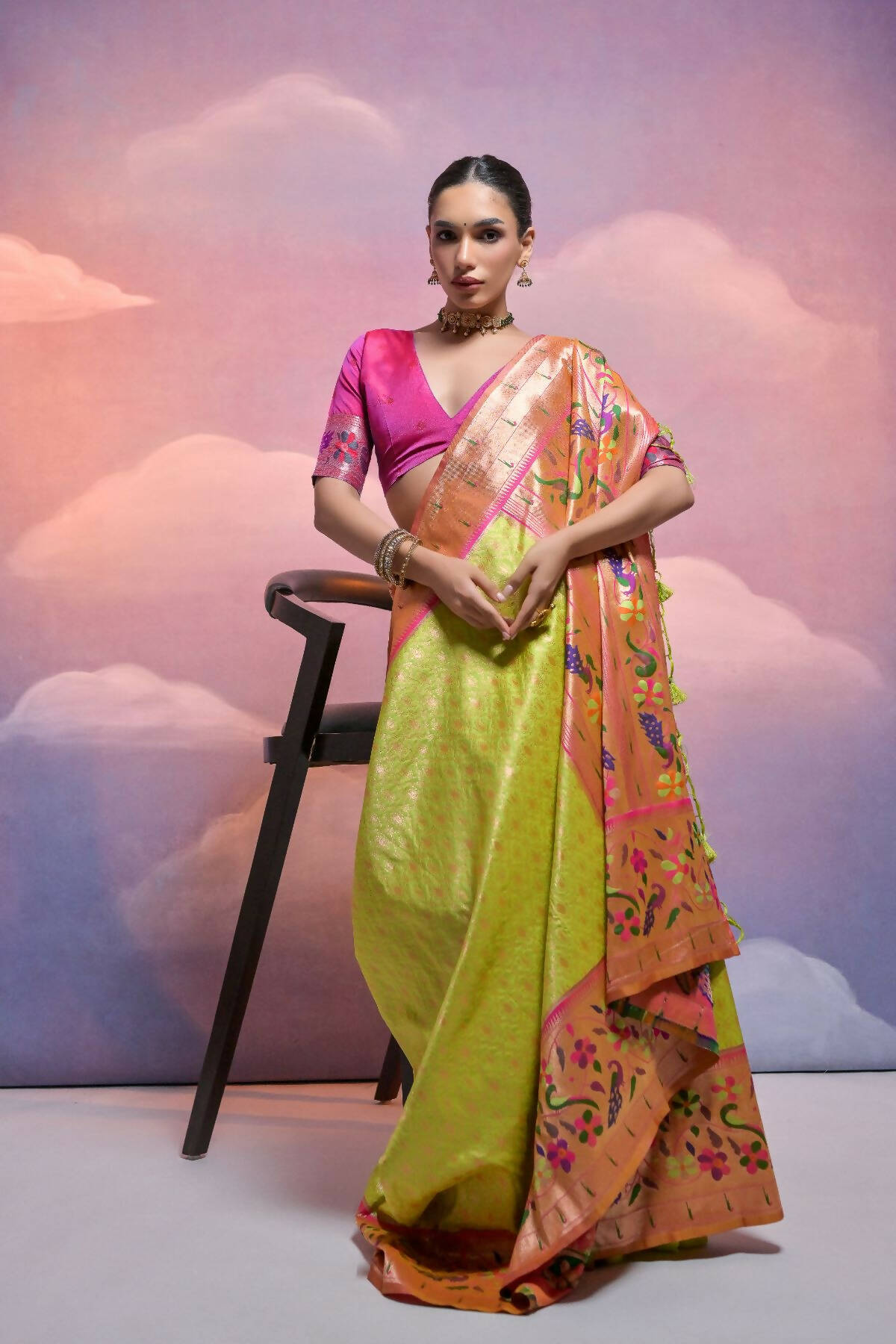 Vishnu Weaves Women's Mahendi Paithani Silk Zari Woven Saree with Blouse - Swadesiicart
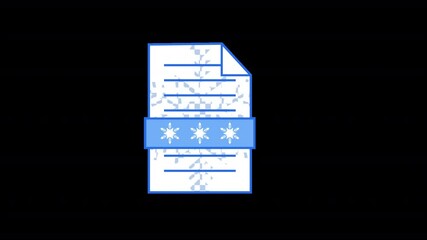 Poster - Animated y2k style document icon with ice effect. Alpha channel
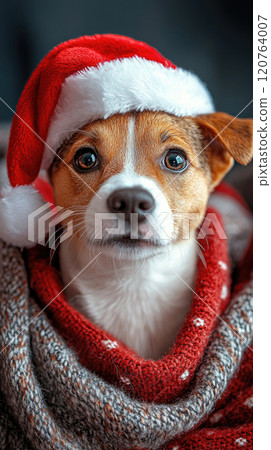 Adorable playful dog wearing Santa hats on fluffy blanket background. 120764007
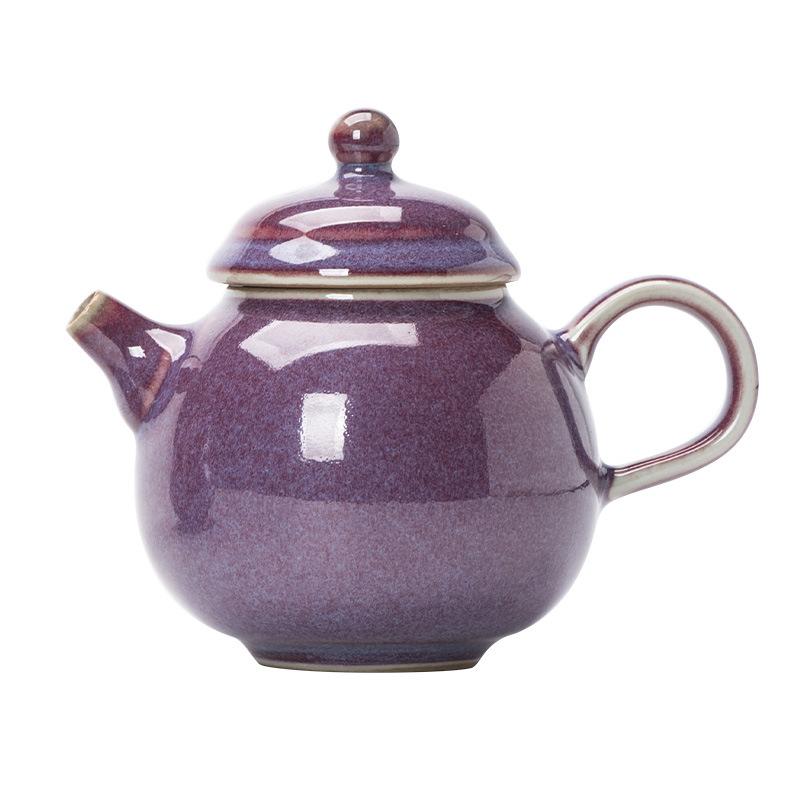 Light Luxury Kiln Purple Gold Teapot Household High-grade Large-capacity Tea Cup Teapot Ceramic Single Pot Kiln-changed Crystal Glaze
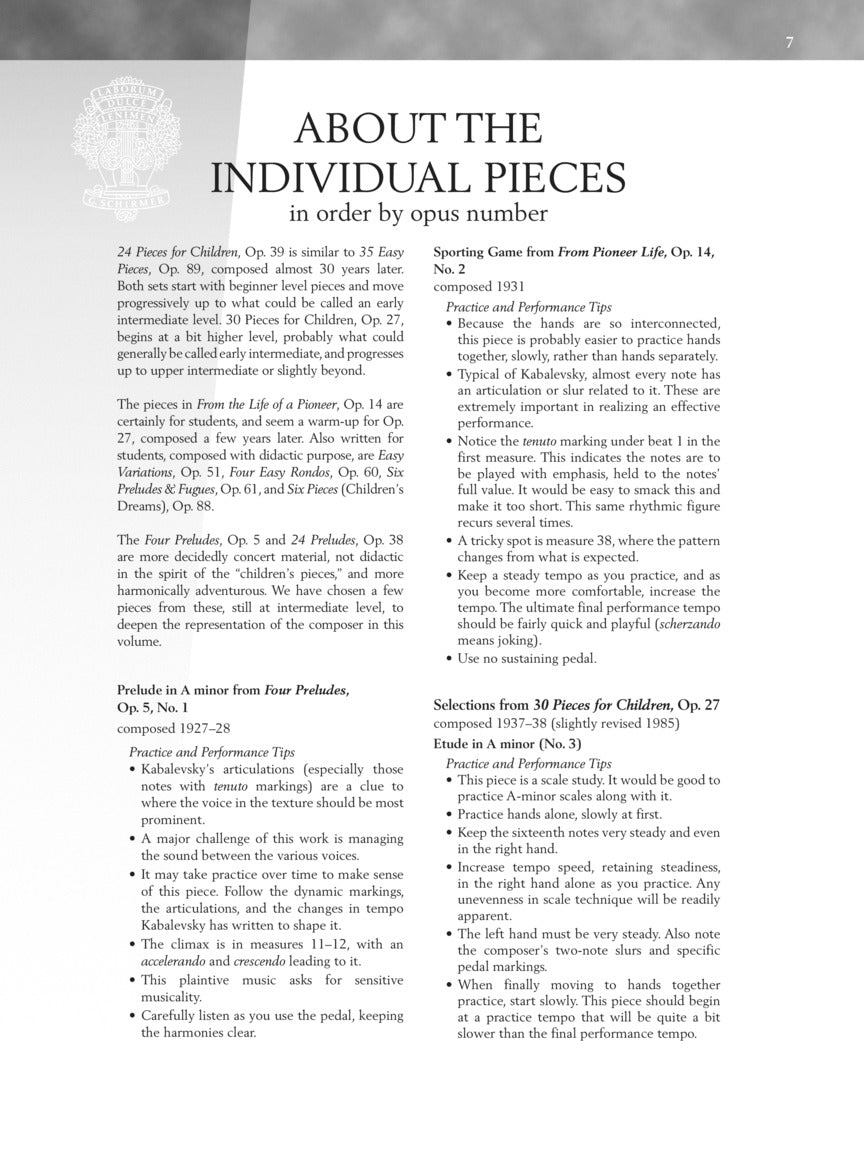 Kabalevsky - Selected Piano Pieces - Schirmer Performance Editions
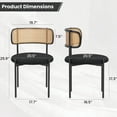 thumbnail image 4 of Farini Upholstered Dining Chair Set of 4, Rattan Backrest Kitchen Chair, Black, 4 of 8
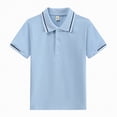thumbnail image 1 of JUMEYU Boys Polo Boys Short Sleeve Pique Polo Shirts Summer Casual Uniform Sport Tops Size 7-8 (Light Blue,7-8 Years), 1 of 7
+++
**WORK INSTRUCTION:** Each entry above must be duplicated precisely; none of the pictures may be included.

**RESULT:**
 Vishnu Weaves Women's Mahendi Paithani Silk Zari Woven Saree with Blouse - Swadesiicart
 Poster - Animated y2k style document icon with ice effect. Alpha channel
 Adorable playful dog wearing Santa hats on fluffy blanket background. 120764007
 Light Luxury Kiln Purple Gold Teapot Household High-grade Large-capacity Tea Cup Teapot Ceramic Single Pot Kiln-changed Crystal Glaze
 Kabalevsky - Selected Piano Pieces - Schirmer Performance Editions
 thumbnail image 4 of Farini Upholstered Dining Chair Set of 4, Rattan Backrest Kitchen Chair, Black, 4 of 8
thumbnail image 1 of JUMEYU Boys Polo Boys Short Sleeve Pique Polo Shirts Summer Casual Uniform Sport Tops Size 7-8 (Light Blue,7-8 Years), 1 of 7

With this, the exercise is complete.